Arthur William Groves died on 17th March, 1956, at his home in Epsom, Surrey, at the age of 52.

He was educated at Sutton County Secondary School and took a degree course in science at Chelsea Polytechnic between 1921 and 1925, winning a Royal Scholarship in mineralogy which he took up at the Royal School of Mines and gaining a B.Sc. honours degree in geology. He specialized in petrological and chemical research at the School and left in 1929 having been awarded the M.Sc. degree and the Diploma of Imperial College in geology in 1927 and the Ph.D. in 1928.

Dr. Groves spent the next three years in Uganda, where he was assistant chemist and petrologist to the Geological Survey, shortly afterwards acting senior assistant geologist, and later acting chemist and petrologist.

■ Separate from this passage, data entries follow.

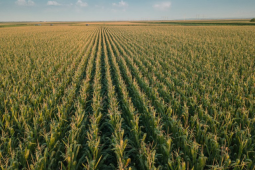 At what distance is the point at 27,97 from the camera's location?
18.5ft

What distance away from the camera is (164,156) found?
325 cm

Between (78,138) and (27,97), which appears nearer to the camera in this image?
(78,138)

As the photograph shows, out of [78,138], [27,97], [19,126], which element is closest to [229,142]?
[78,138]

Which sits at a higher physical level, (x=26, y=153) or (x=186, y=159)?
(x=26, y=153)

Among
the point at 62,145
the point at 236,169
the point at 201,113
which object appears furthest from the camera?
the point at 201,113

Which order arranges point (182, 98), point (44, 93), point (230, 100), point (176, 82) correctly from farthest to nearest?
point (176, 82) < point (44, 93) < point (182, 98) < point (230, 100)

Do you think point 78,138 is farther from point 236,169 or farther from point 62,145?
point 236,169

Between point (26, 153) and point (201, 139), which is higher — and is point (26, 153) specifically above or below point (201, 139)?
above

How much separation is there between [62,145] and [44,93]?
11.1 feet

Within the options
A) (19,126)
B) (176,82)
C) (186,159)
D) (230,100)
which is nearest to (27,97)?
(19,126)

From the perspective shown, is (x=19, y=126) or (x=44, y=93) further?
(x=44, y=93)

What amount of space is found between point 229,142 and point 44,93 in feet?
19.5

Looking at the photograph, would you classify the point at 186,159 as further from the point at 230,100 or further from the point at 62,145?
the point at 230,100

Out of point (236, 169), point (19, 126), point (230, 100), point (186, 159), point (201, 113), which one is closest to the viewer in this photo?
point (236, 169) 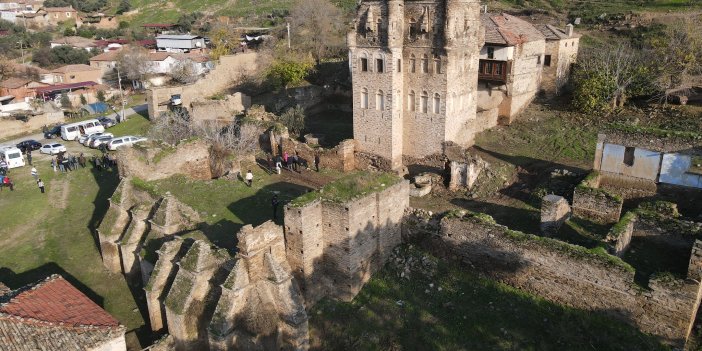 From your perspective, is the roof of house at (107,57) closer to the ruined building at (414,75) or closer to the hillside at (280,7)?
the hillside at (280,7)

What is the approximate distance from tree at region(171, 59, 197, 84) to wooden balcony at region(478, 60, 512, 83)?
26327mm

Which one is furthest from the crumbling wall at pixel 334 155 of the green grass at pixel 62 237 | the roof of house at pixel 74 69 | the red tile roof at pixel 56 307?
the roof of house at pixel 74 69

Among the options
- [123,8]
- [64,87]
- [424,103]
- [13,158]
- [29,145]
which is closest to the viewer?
[424,103]

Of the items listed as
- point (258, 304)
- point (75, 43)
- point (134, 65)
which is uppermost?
point (75, 43)

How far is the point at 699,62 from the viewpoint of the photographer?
2792cm

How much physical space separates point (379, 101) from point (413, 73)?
6.48 feet

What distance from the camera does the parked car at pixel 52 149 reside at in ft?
98.9

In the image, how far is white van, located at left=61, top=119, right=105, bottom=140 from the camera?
3338cm

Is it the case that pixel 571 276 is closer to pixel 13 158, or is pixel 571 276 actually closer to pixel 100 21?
pixel 13 158

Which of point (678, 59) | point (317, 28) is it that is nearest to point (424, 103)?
point (678, 59)

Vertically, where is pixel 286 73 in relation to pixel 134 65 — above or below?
above

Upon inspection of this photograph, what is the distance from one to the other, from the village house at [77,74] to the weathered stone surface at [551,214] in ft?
159

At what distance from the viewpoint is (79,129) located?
33.9 metres

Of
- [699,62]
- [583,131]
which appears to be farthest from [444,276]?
[699,62]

The results of his research and other work are published in the memoirs and annual reports of the Uganda Geological Survey.

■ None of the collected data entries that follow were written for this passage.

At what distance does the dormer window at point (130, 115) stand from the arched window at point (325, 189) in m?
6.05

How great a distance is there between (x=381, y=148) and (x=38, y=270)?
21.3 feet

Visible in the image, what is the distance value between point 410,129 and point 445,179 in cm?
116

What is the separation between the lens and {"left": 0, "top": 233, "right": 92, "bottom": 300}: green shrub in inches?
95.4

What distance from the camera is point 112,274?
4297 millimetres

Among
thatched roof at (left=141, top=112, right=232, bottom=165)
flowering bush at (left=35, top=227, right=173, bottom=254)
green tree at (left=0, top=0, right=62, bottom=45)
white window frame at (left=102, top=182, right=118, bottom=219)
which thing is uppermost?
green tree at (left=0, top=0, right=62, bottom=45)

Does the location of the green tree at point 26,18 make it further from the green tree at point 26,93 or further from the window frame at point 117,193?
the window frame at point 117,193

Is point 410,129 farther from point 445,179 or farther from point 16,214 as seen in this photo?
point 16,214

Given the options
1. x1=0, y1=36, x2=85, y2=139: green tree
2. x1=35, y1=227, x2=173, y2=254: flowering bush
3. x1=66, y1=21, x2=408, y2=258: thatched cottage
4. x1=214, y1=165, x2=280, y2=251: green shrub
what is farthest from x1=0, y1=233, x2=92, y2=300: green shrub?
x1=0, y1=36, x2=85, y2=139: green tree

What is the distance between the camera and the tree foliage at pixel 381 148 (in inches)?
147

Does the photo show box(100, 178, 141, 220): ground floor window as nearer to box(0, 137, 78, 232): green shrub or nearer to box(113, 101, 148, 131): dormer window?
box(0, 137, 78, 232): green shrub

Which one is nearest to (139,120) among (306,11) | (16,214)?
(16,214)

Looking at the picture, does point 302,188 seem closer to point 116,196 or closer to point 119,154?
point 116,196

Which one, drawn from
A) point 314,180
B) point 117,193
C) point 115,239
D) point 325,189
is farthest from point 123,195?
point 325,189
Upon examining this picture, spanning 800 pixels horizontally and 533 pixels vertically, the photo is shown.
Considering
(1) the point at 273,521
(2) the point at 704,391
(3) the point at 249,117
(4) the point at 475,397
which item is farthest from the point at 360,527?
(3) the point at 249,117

On his return to England in 1932 he carried out research at the Royal School of Mines on charnockites and his thesis on ‘The Charnockite Series of Uganda’ earned him the D.Sc. (London). Dr. Groves remained at the School in the capacity of consulting geochemist to the staff and research students until July, 1935, when he was appointed assistant scientific officer of the Intelligence Section of the Mineral Resources Department of the Imperial Institute, London. His duties included compiling mineral monographs and articles, and his monograph entitled Manganese was published in 1938.

At the outbreak of war in 1939 Dr. Groves was seconded to Commodities Intelligence Section of the Ministry of Economic Warfare in London, where he was in charge of iron ore and ferro-alloy minerals, and in August, 1949, was transferred to the position of chief mining geologist, Ministry of Supply Iron and Steel Control, Home Ore Department. During his extensive surveys of hematite and manganese ore reserves of Great Britain (the results of which were published in 1952 as a Ministry of Supply monograph) Dr. Groves collected a number of unusual samples of minerals which were later studied at the British Museum (Natural History) and led to the discovery of new minerals — banalsite, cymrite, pennantite, and grovesite, the latter a manganese-rich analogue of berthierine named after Dr. Groves.

He resumed his work at the Imperial Institute in 1944, and began to enlarge his knowledge by studying mining law. The Colonial Office took control of the Department in 1949, since when it has been known as the Mineral Resources Division of Colonial Geological Surveys, and Dr. Groves was able to assist in drawing up and revising the mining laws of several colonial territories as well as those of Swaziland and the Isle of Man. Just before his death he was preparing a monograph on gypsum.

Dr. Groves was elected an Associate Member of the Institution in 1943 and was transferred to Membership in 1944. He was a Member of the Mineralogical Society and a Fellow of the Geological Society. Among his many other technical works, Dr. Groves contributed a paper to the Transactions of the Institution entitled ‘Results of magnetometric survey at Benallt manganese mine, Rhiw, Caernarvonshire’ (vol. 56, 1946-47). He was also the author of Silicate analysis: a manual for geologists and chemists (first edition 1936, second edition 1951).